I am writing to share with you our perspectives.
Partners are aware that
- We build portfolios with the belief that stock prices are slaves to earnings and with rolling 3-5 year time horizons
- We are solely focused on playing the long game. We will live through corrections if we believe nothing has changed that affects our portfolio companies competitive position or earnings profile in the medium term.
We look at the Corona Virus scare with the same framework – how will it impact our portfolio cos earnings/cash flow in the medium term? Are any actions required?
What do we know
- The Corona Virus has its origins in China but the source of the virus and how it spread into human population still seems unclear.
- There have been other such scares in the recent past – SARS, Ebola, Bird Flu etc. At the time they broke out, they caused much anxiety and fears of a new global pandemic. However, like any other market disruptions, these concerns too were overcome over time.

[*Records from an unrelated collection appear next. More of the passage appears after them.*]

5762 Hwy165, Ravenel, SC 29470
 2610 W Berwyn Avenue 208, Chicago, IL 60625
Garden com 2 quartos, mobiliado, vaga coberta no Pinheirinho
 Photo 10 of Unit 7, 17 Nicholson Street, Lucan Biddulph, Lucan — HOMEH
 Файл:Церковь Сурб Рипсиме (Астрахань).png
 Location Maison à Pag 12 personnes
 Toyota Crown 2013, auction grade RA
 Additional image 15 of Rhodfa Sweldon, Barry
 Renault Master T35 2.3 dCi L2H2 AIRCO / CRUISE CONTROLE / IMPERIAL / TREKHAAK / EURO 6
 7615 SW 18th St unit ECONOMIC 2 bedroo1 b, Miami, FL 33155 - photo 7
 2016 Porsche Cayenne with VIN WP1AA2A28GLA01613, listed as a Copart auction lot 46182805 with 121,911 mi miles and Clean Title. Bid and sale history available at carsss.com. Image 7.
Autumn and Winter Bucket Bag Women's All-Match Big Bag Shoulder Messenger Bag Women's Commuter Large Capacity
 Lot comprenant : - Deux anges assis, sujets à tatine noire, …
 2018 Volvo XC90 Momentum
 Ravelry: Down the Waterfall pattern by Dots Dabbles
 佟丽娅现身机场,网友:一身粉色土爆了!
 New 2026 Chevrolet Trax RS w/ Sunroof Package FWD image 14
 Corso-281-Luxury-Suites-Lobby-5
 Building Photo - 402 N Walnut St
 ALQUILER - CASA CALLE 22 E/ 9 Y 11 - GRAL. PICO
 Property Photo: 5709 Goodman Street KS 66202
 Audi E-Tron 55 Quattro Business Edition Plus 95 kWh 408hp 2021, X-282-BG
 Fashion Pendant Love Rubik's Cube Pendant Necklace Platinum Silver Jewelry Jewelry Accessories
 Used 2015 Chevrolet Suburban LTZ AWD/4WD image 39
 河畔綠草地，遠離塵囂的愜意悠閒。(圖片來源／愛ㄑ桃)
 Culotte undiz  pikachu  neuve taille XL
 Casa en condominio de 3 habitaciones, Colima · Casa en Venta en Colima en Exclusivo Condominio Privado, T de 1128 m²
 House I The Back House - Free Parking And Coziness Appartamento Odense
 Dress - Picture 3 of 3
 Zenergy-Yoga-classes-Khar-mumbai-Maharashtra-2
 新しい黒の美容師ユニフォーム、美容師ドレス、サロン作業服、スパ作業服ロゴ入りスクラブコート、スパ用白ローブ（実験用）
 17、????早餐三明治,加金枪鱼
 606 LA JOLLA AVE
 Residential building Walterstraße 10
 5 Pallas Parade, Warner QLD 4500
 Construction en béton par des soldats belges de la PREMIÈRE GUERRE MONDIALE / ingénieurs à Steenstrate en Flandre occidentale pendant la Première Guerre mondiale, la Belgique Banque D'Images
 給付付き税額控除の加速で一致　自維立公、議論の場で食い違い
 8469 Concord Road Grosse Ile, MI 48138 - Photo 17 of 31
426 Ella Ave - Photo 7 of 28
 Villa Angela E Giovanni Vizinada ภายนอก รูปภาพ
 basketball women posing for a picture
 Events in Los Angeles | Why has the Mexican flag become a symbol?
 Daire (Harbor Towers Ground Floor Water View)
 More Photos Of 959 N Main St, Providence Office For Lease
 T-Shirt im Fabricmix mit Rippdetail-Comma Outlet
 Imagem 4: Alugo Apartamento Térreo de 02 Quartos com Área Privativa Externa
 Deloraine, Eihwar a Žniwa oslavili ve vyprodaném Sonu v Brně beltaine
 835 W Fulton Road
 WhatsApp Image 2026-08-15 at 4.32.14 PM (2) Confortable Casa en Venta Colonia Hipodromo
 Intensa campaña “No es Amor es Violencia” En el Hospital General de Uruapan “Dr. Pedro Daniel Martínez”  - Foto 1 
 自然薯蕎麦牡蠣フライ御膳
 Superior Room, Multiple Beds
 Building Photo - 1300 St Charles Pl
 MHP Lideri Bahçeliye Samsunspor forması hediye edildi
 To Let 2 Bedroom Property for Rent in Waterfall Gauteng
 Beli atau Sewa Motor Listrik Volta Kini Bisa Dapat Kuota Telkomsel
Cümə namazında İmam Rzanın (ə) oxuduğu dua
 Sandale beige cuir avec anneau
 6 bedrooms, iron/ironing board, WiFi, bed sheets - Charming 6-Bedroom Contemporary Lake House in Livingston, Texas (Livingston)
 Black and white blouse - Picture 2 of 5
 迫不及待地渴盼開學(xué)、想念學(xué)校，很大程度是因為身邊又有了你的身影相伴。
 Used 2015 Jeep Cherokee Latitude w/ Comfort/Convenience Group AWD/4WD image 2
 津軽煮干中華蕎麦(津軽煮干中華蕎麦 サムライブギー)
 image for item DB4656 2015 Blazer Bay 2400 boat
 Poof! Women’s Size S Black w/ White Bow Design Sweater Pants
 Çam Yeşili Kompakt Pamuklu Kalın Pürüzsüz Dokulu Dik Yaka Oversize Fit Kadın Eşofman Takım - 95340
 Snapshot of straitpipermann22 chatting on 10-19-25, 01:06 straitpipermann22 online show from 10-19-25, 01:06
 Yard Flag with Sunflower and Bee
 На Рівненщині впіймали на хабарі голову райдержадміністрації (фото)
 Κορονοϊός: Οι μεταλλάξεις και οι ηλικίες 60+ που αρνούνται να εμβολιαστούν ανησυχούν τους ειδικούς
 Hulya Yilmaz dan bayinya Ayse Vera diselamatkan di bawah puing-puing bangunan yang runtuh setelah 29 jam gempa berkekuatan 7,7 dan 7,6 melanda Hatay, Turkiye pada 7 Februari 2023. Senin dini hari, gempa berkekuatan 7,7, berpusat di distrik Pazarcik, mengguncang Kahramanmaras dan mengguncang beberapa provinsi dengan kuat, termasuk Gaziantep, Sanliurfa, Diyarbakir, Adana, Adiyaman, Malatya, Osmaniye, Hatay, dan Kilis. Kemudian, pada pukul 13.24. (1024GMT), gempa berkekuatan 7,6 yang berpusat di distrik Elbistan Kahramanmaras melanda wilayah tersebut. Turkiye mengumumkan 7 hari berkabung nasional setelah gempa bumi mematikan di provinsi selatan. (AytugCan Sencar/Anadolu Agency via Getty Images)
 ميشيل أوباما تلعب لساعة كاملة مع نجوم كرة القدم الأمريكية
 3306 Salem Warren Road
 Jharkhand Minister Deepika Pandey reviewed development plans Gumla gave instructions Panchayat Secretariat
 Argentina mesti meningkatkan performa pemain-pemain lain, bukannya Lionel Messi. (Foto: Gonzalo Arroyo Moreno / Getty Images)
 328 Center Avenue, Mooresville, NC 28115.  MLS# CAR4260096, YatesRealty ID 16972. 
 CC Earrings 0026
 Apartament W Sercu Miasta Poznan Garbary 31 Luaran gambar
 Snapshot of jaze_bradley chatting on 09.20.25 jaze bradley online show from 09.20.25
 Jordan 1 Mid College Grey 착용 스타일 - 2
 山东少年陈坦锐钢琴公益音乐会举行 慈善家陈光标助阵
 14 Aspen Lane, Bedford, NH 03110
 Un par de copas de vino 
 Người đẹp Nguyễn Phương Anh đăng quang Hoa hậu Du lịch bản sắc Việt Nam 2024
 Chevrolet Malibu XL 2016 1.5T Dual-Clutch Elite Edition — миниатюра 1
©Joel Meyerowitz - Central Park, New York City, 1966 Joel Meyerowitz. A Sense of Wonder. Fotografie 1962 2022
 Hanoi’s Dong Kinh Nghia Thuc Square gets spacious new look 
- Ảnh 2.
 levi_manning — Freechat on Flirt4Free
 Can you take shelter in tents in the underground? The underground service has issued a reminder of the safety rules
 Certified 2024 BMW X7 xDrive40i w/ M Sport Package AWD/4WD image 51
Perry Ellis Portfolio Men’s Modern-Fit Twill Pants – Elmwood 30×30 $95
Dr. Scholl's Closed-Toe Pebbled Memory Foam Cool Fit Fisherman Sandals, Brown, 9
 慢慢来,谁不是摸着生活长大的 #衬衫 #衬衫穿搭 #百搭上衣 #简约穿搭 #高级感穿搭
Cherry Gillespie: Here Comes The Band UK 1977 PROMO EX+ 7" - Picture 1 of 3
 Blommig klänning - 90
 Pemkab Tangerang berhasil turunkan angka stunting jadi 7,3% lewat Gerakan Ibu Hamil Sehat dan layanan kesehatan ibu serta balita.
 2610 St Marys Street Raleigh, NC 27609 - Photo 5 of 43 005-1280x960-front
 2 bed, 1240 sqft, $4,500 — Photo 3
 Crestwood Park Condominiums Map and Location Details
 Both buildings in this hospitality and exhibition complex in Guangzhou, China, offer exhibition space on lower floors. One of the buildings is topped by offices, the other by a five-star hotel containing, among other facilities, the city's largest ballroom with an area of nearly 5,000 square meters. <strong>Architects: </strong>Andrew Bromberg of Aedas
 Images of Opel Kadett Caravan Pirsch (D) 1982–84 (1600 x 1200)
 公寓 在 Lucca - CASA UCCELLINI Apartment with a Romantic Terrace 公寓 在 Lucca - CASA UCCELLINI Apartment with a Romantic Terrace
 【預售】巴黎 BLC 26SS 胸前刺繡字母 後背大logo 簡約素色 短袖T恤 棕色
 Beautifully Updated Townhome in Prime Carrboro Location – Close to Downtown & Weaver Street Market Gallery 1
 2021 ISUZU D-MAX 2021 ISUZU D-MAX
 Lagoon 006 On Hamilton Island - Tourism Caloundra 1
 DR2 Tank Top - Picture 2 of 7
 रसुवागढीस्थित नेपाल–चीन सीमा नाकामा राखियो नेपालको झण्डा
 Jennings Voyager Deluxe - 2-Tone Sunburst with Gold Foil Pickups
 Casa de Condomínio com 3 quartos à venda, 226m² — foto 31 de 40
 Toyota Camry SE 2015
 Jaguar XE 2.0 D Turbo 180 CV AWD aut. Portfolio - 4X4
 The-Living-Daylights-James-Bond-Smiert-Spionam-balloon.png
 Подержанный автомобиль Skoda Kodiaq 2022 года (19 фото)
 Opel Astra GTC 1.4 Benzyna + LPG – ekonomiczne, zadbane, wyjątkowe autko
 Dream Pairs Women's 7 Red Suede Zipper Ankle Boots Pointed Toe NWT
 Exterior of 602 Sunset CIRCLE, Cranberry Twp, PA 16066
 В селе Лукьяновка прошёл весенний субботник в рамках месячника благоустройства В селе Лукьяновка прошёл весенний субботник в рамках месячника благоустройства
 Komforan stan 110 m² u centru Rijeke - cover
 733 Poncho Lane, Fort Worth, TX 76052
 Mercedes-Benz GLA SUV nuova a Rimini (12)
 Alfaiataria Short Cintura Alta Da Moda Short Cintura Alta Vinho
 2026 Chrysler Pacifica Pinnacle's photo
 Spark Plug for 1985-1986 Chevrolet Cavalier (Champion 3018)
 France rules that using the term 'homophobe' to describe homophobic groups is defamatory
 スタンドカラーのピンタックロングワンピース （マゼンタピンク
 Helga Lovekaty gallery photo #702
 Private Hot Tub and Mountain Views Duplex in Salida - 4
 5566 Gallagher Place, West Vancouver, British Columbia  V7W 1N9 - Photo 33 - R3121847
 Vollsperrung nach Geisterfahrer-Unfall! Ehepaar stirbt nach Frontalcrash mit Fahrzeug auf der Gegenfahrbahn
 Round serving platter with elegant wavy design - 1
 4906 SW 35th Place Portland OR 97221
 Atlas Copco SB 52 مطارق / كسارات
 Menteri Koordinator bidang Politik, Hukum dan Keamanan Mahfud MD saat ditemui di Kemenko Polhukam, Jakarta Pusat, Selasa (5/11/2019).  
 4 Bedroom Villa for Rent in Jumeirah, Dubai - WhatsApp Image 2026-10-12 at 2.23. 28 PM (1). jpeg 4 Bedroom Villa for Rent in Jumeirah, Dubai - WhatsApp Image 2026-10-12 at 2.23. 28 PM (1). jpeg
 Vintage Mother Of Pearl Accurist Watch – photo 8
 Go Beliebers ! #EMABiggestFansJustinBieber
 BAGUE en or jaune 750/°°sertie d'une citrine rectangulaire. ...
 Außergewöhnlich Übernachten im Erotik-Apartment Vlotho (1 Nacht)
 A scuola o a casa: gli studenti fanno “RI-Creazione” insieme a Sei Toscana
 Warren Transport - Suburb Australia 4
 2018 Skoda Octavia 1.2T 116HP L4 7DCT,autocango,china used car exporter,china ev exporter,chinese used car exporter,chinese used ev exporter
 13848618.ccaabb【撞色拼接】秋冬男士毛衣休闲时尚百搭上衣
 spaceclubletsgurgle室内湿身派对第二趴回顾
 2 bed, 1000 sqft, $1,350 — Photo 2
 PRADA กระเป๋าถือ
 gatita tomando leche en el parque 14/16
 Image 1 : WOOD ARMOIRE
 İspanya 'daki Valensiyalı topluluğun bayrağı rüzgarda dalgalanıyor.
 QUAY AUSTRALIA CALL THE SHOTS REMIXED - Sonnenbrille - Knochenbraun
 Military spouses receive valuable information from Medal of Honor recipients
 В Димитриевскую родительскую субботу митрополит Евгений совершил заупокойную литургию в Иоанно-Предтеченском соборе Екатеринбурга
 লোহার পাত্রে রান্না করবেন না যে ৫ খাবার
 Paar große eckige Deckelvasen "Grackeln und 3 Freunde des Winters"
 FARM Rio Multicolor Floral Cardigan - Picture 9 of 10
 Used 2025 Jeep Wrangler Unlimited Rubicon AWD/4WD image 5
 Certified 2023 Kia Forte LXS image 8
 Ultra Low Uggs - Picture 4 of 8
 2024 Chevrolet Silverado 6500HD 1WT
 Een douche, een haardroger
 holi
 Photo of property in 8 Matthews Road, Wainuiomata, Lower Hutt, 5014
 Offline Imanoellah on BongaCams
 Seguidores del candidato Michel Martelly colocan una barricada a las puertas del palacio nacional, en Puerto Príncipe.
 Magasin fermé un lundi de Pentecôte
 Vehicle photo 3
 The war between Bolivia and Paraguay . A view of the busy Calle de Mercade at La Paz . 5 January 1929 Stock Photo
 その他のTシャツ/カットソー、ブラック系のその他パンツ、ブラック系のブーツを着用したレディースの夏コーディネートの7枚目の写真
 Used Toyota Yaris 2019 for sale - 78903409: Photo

- There is no known cure or vaccine for the virus as yet. However, mortality due to the Corona virus is low and principally in the older population – over 80% of fatalities are in people above the age of 60 suggesting a healthy body has the ability to fight the viru
- China is getting back to work slowly. Even Apple and Starbucks have re-opened their stores. The number of cases in China is declining
What we do not know
- Even as the number of new cases in China is declining, a large number of cases have been detected in Italy. Hence, how large will the problem grow to before it gets contained?
- Will India be resilient to the attack?
- What will be the impact of the virus on medium and long term economic activity?
Putting it all together
- Global economic activity should be affected temporarily due to supply chains being shut down due to shortage of parts and absenteeism of labour. Hence, companies whose supply chains and markets are more dependent on China may see short term earnings pressure in 2020. However, the virus per se, based on what we know so far, should not impact medium term economic activity. China is slowly getting back to work.
- There is no reason to believe that the medium term earnings/cash flow profile of our portfolio companies should be negatively impacted.
- Ironically, the inverse may happen. We have had a very large weightage to the “China +1” theme since 2018 – companies who will gain market share in global supply chains as MNCs look to de risk themselves from China. While this theme was largely premised on other reasons (China crack down on pollution, political risk from trade wars), every new crisis acts as an extra impetus for de risking. Hence, we expect many companies in the portfolio to continue to benefit in the medium term.
- Hence, based on what we know, we see this as another market correction with no actionable implications. As we have shared earlier, markets learn to climb walls of worry. We should not unnecessarily interrupt the compounding journey
The market could sell off further before things get better.
- Partners must appreciate that the future is indeterminate and all calls have probabilities attached to them. The Indian Govt. has acted swiftly to restrict entry of people from infected areas. However, if the pandemic spreads to India, with a large number of cases reported, the market will sell off.
- Even in the absence of the above, players with shorter time horizons may want to sell to stay on the side and re-enter later when more clarity emerges. And they will repeat this cycle when they confront the next uncertainty. This is their game.
Partners can be assured that we will act if we believe events will cause material changes in medium term earnings profile of portfolio companies. However, in the absence of this, we intend to live through corrections.
- Variables that cause market corrections or swift up moves often are unforeseen (for example tax cuts announced in Sep 2019)
- For temporary downside protection, we don’t want to miss a much larger upside.
- We don’t have the skill to exit and time re-entry.
An important question all investors have to confront is the time horizons they operate with. Playing the long and short game simultaneously confuses the mind and, barring a few geniuses, inevitably results in poor results. Being exclusively focused on long term outcomes helps keep the mind calm, think more clearly and increases probability of superior long term Investing outcomes.